25 mars 2015

Le paraître et le masque

Le festival intercampus qui vient de s'achever m'a permis d'achever une réflexion commencée quand j'ai écrit dernièrement sur les sapeurs.
La sape fonctionne comme un jeu de mascarade, comme un bal masqué. En réalité, on se dédouble; on joue un rôle pour lequel on porte des costumes ou des accessoires appropriés. Une véritable jeu de masques où des personnages s'identifient aux indications de leur accoutrement.
L'aspect théâtral ou fictif de la sape est important car il aide à contourner le train-train de la vie. Comment expliquer cet engouement exagéré pour l'habillement sinon par la précarité et la pauvreté ambiantes? Avec la sape, s'habiller revient à assumer un personnage auquel on s'identifie. Une créativité sans limite accompagne ce phénomène un peu partout. Il m'est arrivé d'assister à quelques représentations scéniques où des individus décrivent jusqu'au détail près ce qu'ils portent. L'idée est de montrer ou de convaincre qu'on est bien habillé et pousser les autres à vous envier, imiter. Familier de grands couturiers et de vagues de la mode les plus récentes, le sapeur impose une réputation d'avoir réussi dans la vie grâce à son habillement. Souvent, ses ressources tout comme ses activités professionnelles ne sont connues que vaguement. Discrétion s'impose à ce sujet. Le sapeur adore l'habit au point de vendre son âme. Ce qui compte, c'est le paraître. Et ce paraître a un prix: il est habituel de voir un sapeur détailler les prix de tout ce qu'il porte dans le but d'impressionner son audience ou ses compères. Comme aux enchères, chacun exhibe le plus gros prix. 
Un sapeur a de beaux habits, une belle voiture et une belle femme. Bon dragueur, il sait tirer avantage de la beauté de sa dulcinée pour se faire ouvrir le chemin de la gloire. La jolie, souvent fille de bonne famille dopée par le beau-parler du sapeur, fait office de fournisseuse ou d'approvisionneur. Les habits avant tout, car ils déterminent la classe. Le succès suit naturellement le sapeur dans tout ce qu'il entreprend. "Qui que vous soyez, vous n'atteindrez jamais ma classe tant que vous ne posséderez pas d'habits aussi onéreux que les mieux," proclame le sapeur dans son ghetto. Mais en réalité, ce dégoiseur d'autocélébration peut parfois surprendre par sa modestie et son sens de respect dans son milieu familial. Timide et effacé chez lui, il brille de toute étincelle au "terrain", son milieu d'affaires, son fief de prédilection. Dans le langage des Congolais de la Diaspora, le terrain est un lieu de rencontres sportives et culturelles, un lieu de retour aux sources et de retrouvailles entre co-nationaux. Là il joue à  domicile, et à  fond. Sa forme parle pour lui. Dis moi ce que tu portes, je te dirai qui tu es. Credo de sapeur.

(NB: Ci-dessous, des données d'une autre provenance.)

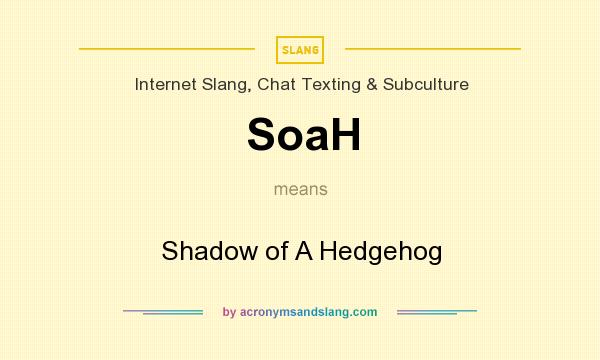 What does SoaH mean? It stands for Shadow of A Hedgehog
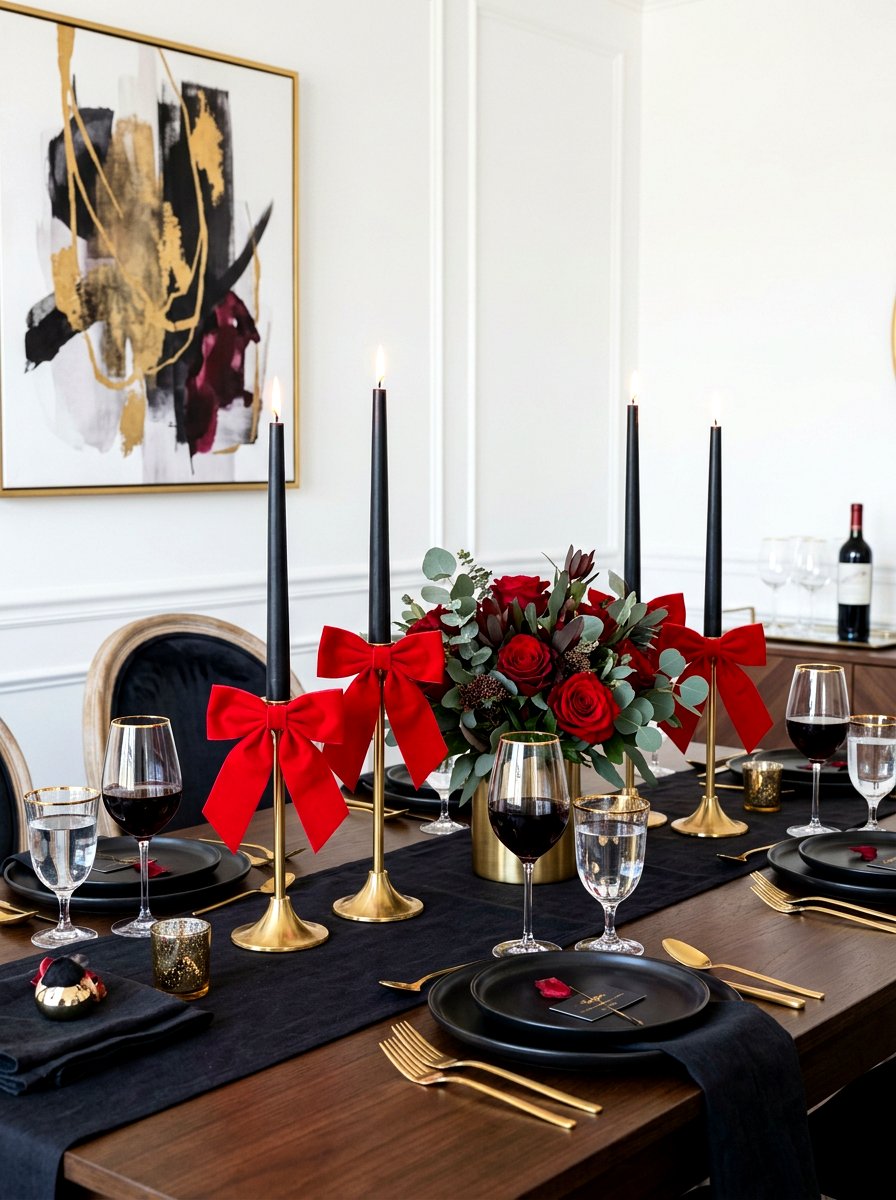 Black Taper Valentine Candle With Velvet Bow - 30 bow and candle Valentine ideas
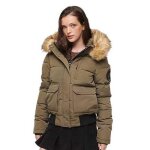 Doudoune bomber everest superdry - veste femme - vert olive militaire - capuche double de borg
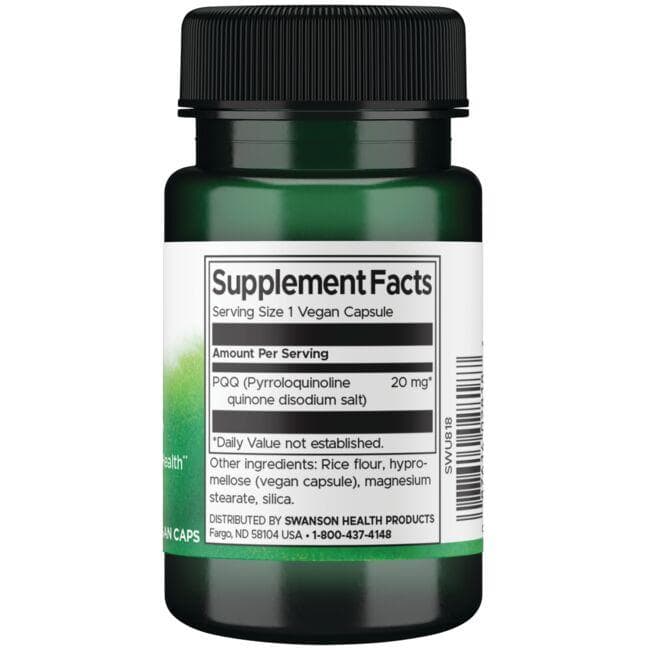 PQQ Pyrroloquinoline Quinone - 20 mg - N30 - Swanson - Vaistine1.lt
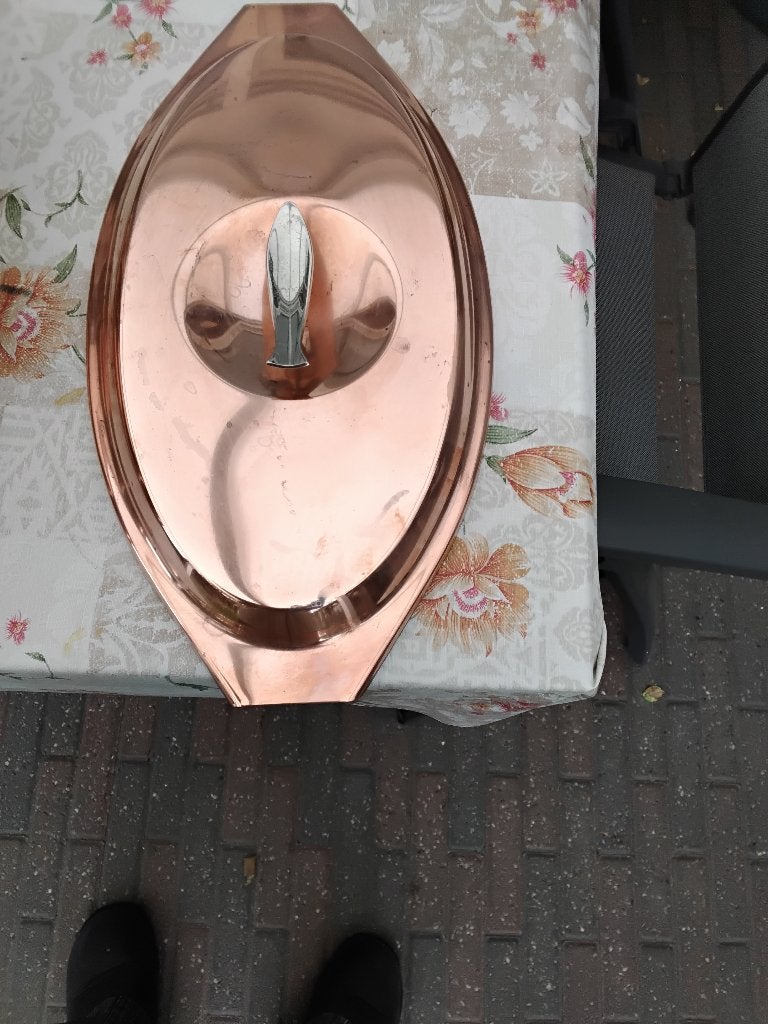 ovale vispan, Koper, Braadpan, Met deksel, Ophalen of Verzenden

L'habit est le masque dont il se sert pour "officier" car il y a une liturgie appropriée à chacune de ses apparitions publiques. Le sapeur vit dans une confrérie de personnes qui pensent comme lui, marchent, boivent et roupillent comme lui. Son langage en fait un poète et un manipulateur chevronné. Il partage les rêves et les illusions de ses confrères et congénères. Le paraître est son point fort. Et il frappe fort, voire très fort. Il endosse sur lui tous les personnages possibles et imaginables. Le jour où l'un d'eux a foulé le sol parisien pour le première fois, il n'a cessé de vociférer à qui voulait l'entendre: "A partir d'aujourd'hui, mon idéal est de devenir un sapeur, un homme de la forme."
- C'est qui un sapeur?
- Eh bien, c'est un adorateur du prêt-à-porter car la forme fait l'être. L'habit montre la classe du porteur. Le mannequin en réalité n'est qu'un maillon de la longue châine du paraître. C'est pourquoi, c'est une star de la sape."